FOR THE CRUST:
- 1 cup (226 grams) unsalted butter, cold and cut into cubes
- 2 1/2 cups (310 grams) all-purpose flour
- 1 tablespoon (10 grams) sugar
- 1 teaspoon (4 grams) salt
- 1/2 cup + 1 tablespoon buttermilk, cold
FOR THE FILLING:
- 1 pound (510 grams) fresh blueberries
- 1/3 cup (60 grams) sugar
- 2 tablespoons (20 grams) cornstarch
- 1/4 teaspoon (1 gram) fresh ground nutmeg
- Zest of 1 lemon
- 1 egg, for egg wash
- Sanding sugar, for sprinkling
- To make the pie crust, in a large bowl, stir together the flour, sugar and salt. Add the butter and toss to coat the butter. Dump entire contents of the bowl out onto a well-floured surface. With a well-floured rolling pin, roll the mixture together, flattening the butter into the flour. Use a bench scraper to bring the mixture back together again as needed. When the butter is in long sheets and evenly distributed through the flour, return the mixture to the bowl and create a well in the center.
- Add the buttermilk into the well and use your fingers or a wooden spoon to combine.
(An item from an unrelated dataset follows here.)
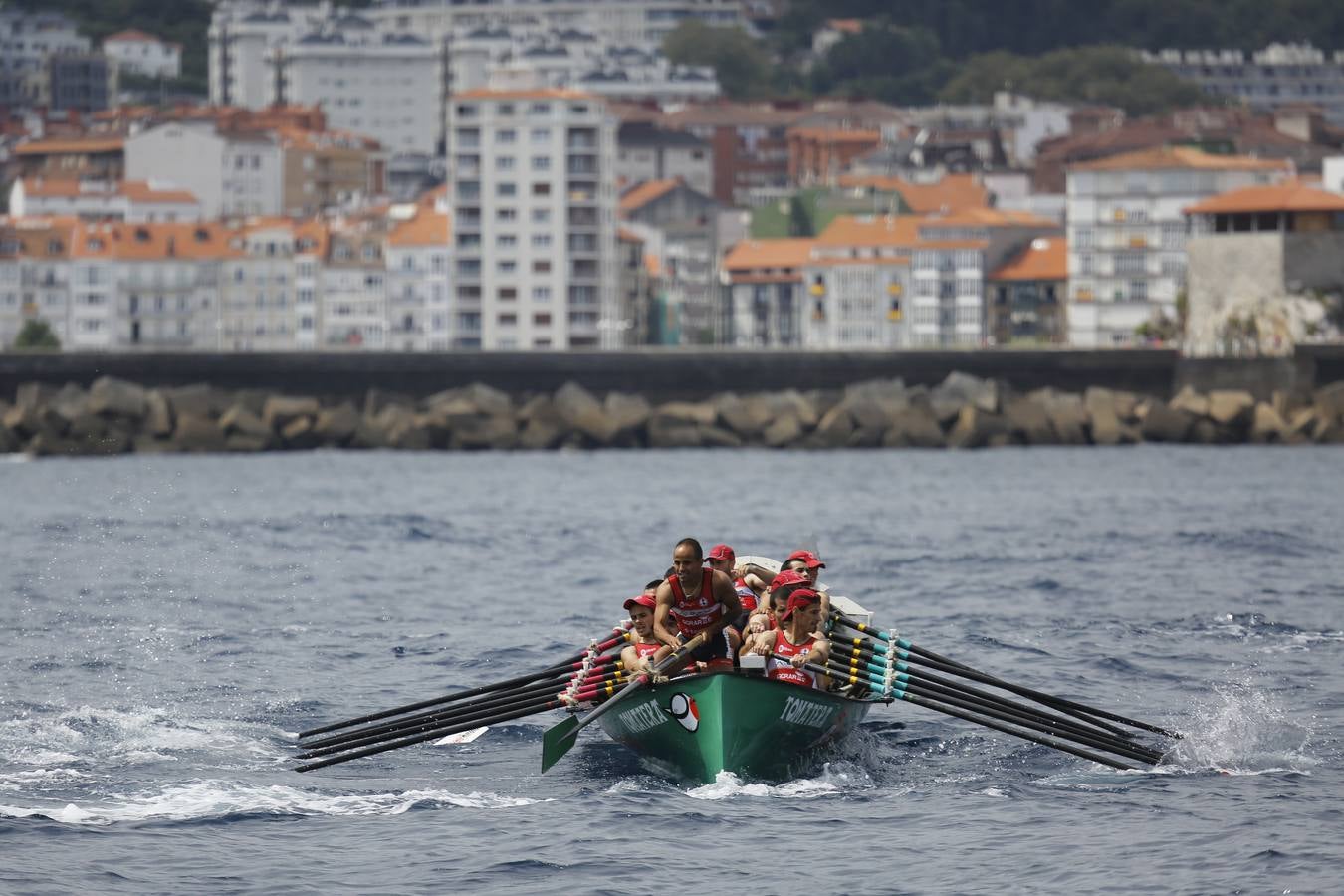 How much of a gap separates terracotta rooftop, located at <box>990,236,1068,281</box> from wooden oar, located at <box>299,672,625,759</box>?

Add more buttermilk a tablespoon at a time, if necessary, but the mixture should be a little on the dry side. Dump the contents back onto your floured surface and divide into 6 disks. Wrap in plastic wrap and chill in the fridge for one hour or overnight.
- To make the galettes, preheat oven to 400 degrees and line 2 sheet pans with parchment paper.
- Combine the sugar, cornstarch, nutmeg and lemon zest in a bowl. Add the blueberries and toss to coat. Roll out each disk of pie dough into an 8-10 inch circle. It doesn’t need to be exact or even. Spoon 1/6 of the blueberry mixture into the center of each disk and fold the dough up and over the filling. Brush with the dough with the egg wash and sprinkle with the sanding sugar.
- Place the galettes on the prepared sheet pans and bake until crust is golden and the filling is bubbling, about 30-35 minutes, rotating the sheet pans halfway through.
- Serve warm or at room temperature. Store galettes in the fridge for up to 3-4 days.